▸ Problem description: Within the entries below, find each line containing the word "Brown" and copy it.

▸ Data to examine:

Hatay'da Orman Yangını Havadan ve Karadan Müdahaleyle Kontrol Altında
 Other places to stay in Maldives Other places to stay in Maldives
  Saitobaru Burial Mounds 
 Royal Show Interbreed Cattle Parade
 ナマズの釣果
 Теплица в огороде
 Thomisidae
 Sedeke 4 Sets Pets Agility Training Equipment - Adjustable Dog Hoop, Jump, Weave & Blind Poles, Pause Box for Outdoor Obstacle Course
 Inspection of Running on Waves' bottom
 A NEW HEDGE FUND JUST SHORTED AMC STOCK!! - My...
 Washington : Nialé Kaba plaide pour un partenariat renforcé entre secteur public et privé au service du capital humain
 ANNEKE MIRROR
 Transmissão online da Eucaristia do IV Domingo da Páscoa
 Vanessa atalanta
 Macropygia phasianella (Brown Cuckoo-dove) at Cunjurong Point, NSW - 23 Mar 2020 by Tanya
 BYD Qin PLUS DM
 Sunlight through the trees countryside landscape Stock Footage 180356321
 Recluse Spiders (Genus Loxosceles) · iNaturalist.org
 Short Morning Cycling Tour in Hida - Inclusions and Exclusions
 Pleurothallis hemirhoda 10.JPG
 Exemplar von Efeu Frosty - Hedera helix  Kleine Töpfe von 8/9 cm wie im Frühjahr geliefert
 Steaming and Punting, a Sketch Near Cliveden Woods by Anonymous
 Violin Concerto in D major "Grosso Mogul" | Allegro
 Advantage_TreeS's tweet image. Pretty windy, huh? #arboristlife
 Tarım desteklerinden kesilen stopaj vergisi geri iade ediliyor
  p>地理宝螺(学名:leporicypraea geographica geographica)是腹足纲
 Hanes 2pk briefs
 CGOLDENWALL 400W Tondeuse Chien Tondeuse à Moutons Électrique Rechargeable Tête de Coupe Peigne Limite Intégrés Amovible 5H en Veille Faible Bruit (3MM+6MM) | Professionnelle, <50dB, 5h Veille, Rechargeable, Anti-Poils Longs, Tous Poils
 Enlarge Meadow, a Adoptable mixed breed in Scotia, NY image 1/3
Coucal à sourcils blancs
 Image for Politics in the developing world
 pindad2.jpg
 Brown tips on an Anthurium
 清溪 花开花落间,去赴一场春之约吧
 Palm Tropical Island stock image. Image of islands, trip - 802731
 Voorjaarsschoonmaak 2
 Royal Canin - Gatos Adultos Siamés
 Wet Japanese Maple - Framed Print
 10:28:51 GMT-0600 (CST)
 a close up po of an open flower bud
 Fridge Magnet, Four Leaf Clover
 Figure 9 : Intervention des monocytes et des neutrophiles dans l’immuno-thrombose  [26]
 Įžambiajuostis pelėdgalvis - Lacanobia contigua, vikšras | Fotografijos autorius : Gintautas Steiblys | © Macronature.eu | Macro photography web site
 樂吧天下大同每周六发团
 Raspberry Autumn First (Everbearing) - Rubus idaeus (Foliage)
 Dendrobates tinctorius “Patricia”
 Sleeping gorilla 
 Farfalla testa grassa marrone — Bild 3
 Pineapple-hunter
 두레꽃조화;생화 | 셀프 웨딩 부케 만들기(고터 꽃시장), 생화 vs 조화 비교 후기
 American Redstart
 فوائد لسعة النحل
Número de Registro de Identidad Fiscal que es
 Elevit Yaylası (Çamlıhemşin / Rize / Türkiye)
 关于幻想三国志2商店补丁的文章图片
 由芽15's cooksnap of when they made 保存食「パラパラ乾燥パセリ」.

▸ Result below:
 Macropygia phasianella (Brown Cuckoo-dove) at Cunjurong Point, NSW - 23 Mar 2020 by Tanya
 Brown tips on an Anthurium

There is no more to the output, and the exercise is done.